Harry Kane stellt WM-Rekord ein – Gary Lineker lobt Bayern-Stürmer
Harry Kane erzielt einen Doppelpack beim englischen WM-Auftakt und zieht mit dem bisherigen Rekordhalter Gary Lineker gleich.
Die englische Nationalmannschaft hat bei der Weltmeisterschaft 2026 den defensiven Verwaltungsfußball der Vergangenheit endgültig abgelegt. Nach einer wackeligen ersten Halbzeit brachte eine emotionale Kabinenansprache von Trainer Thomas Tuchel die Wende. Die Three Lions besiegten Kroatien in einem mitreißenden Offensiv-Spektakel mit 4:2 und bewiesen erstmals auf der großen Bühne, dass sie spielerisch mit den besten Teams der Welt mithalten können.
Der erste Durchgang gegen Kroatien erinnerte die britischen Fans noch stark an alte, frustrierende Zeiten. England agierte nervös, wählte fast ausschließlich die sichere Passroute nach hinten und verspielte prompt zweimal eine Führung. Zur Halbzeit stand es 2:2, und die Mannschaft wirkte blockiert. Dann jedoch änderte der deutsche Übungsleiter in der Kabine die Marschroute komplett.

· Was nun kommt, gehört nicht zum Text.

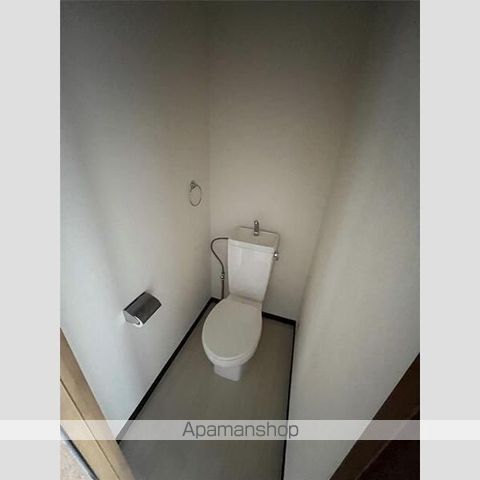 サンダイアル緑橋の内装写真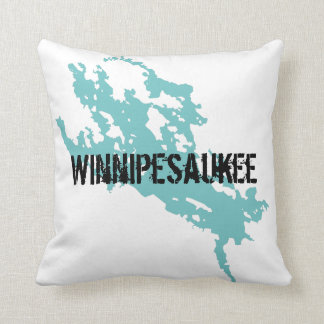 Almohada de Winnipesaukee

Wie Harry Kane nach dem Spiel verriet, forderte der Trainer sein Team explizit auf, die mentalen Fesseln abzulegen. Die Spieler sollten sich entspannen und der Welt endlich zeigen, zu was sie fähig sind. Diese Worte zeigten sofortige Wirkung. Nach dem Seitenwechsel überrollte der englische Rekordtorschütze gemeinsam mit seinen Mitspielern die kroatische Defensive. Das Team drückte unaufhörlich aufs Tempo, zeigte sich spielfreudig und schnürte den Gegner tief in der eigenen Hälfte ein.
Über Jahre hinweg war auf der Insel das Paradoxon beklagt worden, dass die Nationalelf trotz eines extrem hochwertigen Kaders voller Premier-League-Stars selten glänzte. Unter Vorgänger Gareth Southgate stand oftmals der blanke Ergebnisfußball im Vordergrund. Spektakel war auf ein absolutes Minimum reduziert. Auch Thomas Tuchel musste sich in seiner Anfangszeit in England den Vorwurf gefallen lassen, er verwalte Spiele nur, statt seine Offensivkünstler von der Leine zu lassen.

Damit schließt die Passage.